» **Problem to solve**
Because the entries hold pictures, reproduce only their words, exactly as written.

[Opening Data records section]

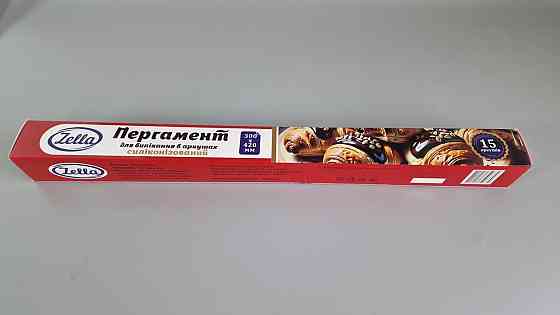 Пергамент для випікання (15листів) 30*42 білий силіконовий (1 пачка) Харків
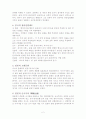 동양문화의 주요사건 정리 2페이지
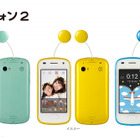 多彩な見守り機能を搭載「キッズフォン2」12月上旬以降発売 画像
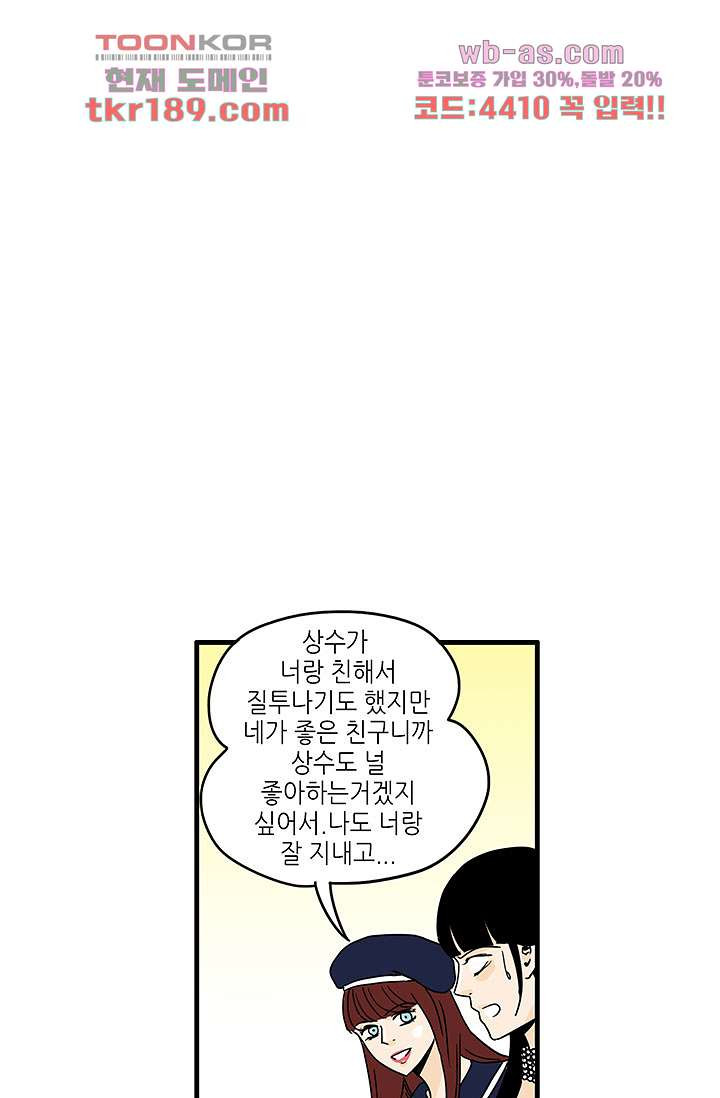 어른의 취미 61화 - 웹툰 이미지 59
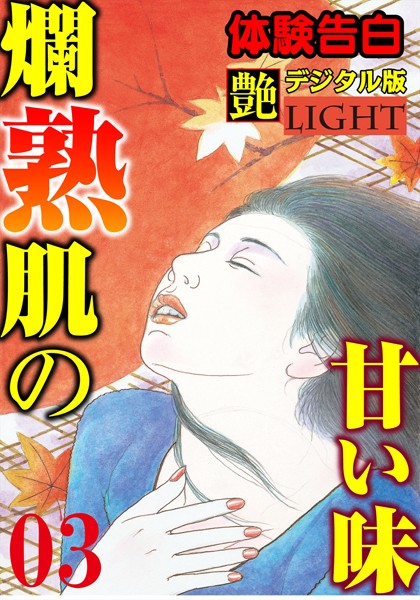 『艶』編集部❤【体験告白】爛熟肌の甘い味 03 『艶』デジタル版Light｜-淫乱・ハード系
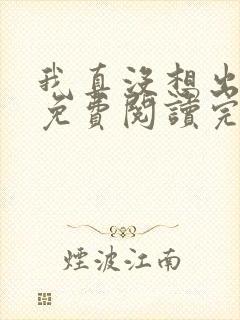 我真没想出名啊免费阅读完整版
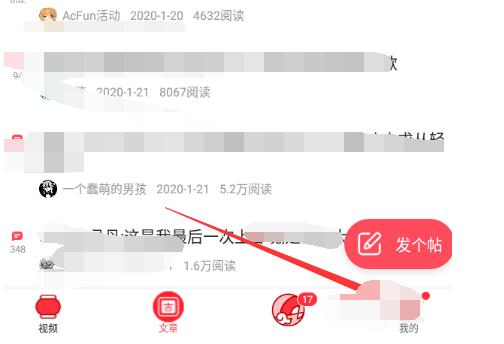 QQ screenshot 20201013141425.jpg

[Closing Data records section]

» **Solution**
 Пергамент для випікання (15листів) 30*42 білий силіконовий (1 пачка) Харків
 동양문화의 주요사건 정리 2페이지
 多彩な見守り機能を搭載「キッズフォン2」12月上旬以降発売 画像
 어른의 취미 61화 - 웹툰 이미지 59
 『艶』編集部❤【体験告白】爛熟肌の甘い味 03 『艶』デジタル版Light｜-淫乱・ハード系
 我真没想出名啊免费阅读完整版
 QQ screenshot 20201013141425.jpg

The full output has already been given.